Ingestion Progress UI¶
The local chat UI should show ingestion progress live.
Summary display:
Documents: 37 total
Indexed: 31
Processing: 2
Queued: 3
Failed: 1
Current job display:
Current: supplier_manual_v2.pdf
Stage: embedding
Progress: 184 / 240 chunks, 76%
The RAG API should expose:
GET /ingestion/statusfor pollingGET /ingestion/eventsfor Server-Sent Events if live updates are enabled
First implementation can poll /ingestion/status; SSE can be added if the UI needs smoother live updates.
Search Strategy¶
Use hybrid retrieval by default, but expose multiple explicit search modes.
Default mode:
- vector similarity with pgvector
- PostgreSQL full-text search
- reciprocal rank fusion to combine semantic and keyword candidates
- metadata filters by document, folder, type, or project
- neighbor expansion around high-ranking chunks
- source citations in the answer
Additional search modes:
| Mode | Implementation | Best for |
|---|---|---|
| Semantic | pgvector cosine search | conceptual questions and similar meaning |
| Keyword | PostgreSQL tsvector / tsquery |
normal word search |
| Exact phrase | quoted phrase search with indexed text fallback | copied specification language |
| Boolean | websearch_to_tsquery or explicit to_tsquery |
AND, OR, NOT workflows |
| Regex | PostgreSQL regex operators ~ / ~* |
part numbers, serials, standards, dimensions |
| Metadata | jsonb and column filters |
project, document type, revision, file, tag, date |
| Hybrid | semantic + keyword + fusion | default search mode |
| Faceted | grouped counts over metadata/search hits | browsing larger document sets |
| Similar chunk | vector search from an existing chunk | find passages like this result |
| Neighbor expansion | add previous/next chunks after retrieval | preserve technical context around a hit |
| OCR text | same search modes over extracted OCR text | scanned drawings and image-heavy PDFs |
| Vision-caption | search generated image descriptions | diagrams/photos where OCR is weak |
Reason:
Manufacturing and design documents often include exact terms that semantic search can miss:
- part numbers
- material names
- thread sizes
- tolerances
- standards
- machine codes
- revision IDs
First implementation target:
- Hybrid search as the default.
- Exact phrase search.
- Boolean keyword search.
- Regex search.
- Metadata filters.
- Neighbor expansion.
- Similar chunk search.
- OCR/caption search if image extraction is enabled.
Example vector query:
SELECT
c.id,
c.document_id,
d.title,
c.page_number,
c.content,
1 - (c.embedding <=> $1::vector) AS similarity
FROM rag_chunks c
JOIN rag_documents d ON d.id = c.document_id
ORDER BY c.embedding <=> $1::vector
LIMIT 8;
Example keyword query:
SELECT
c.id,
c.document_id,
d.title,
c.page_number,
c.content,
ts_rank_cd(c.content_tsv, websearch_to_tsquery('english', $1)) AS rank
FROM rag_chunks c
JOIN rag_documents d ON d.id = c.document_id
WHERE c.content_tsv @@ websearch_to_tsquery('english', $1)
ORDER BY rank DESC
LIMIT 40;
Example regex patterns useful in manufacturing/design search:
M6x1(\.0)?
ISO\s?2768
6061[- ]T6
[A-Z]{2,5}-\d{3,6}
Rev(?:ision)?\s?[A-Z0-9]+
\d+(\.\d+)?\s?(mm|in|Nm|MPa)
Hybrid ranking should use reciprocal rank fusion first:
score = 1 / (60 + vector_rank) + 1 / (60 + keyword_rank)

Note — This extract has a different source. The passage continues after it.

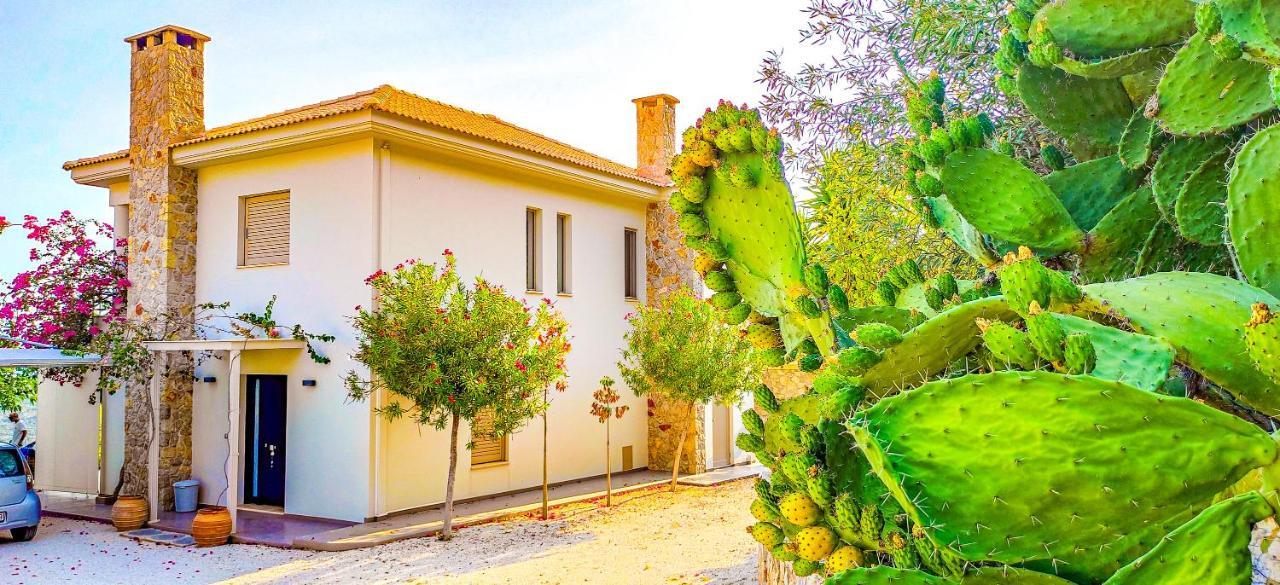 Villa Avatonblue Nafplio Vivari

This is simple, robust, and explainable for a company demo.
API Access For Railway App¶
For the company demo, expose the local RAG API, not local Postgres.
Recommended:
Railway app
-> https://ai.example.com/rag/search
-> https://ai.example.com/rag/chat
The local Fedora server should expose only:
- RAG API, if the Railway app needs document search/chat
- LiteLLM API, only if the Railway app needs direct model calls
Protect access with:
- HTTPS
- bearer API key
- CORS restricted to the Railway app domain
- optional Cloudflare Access or Cloudflare Tunnel policy
- no public access to raw
llama-serverports - no public access to Postgres
Tailscale-only access is enough for local devices, but a Railway-hosted app cannot usually call a private Tailscale IP unless the Railway service is also joined to the tailnet. For a company demo, a secured HTTPS endpoint is the simpler integration path.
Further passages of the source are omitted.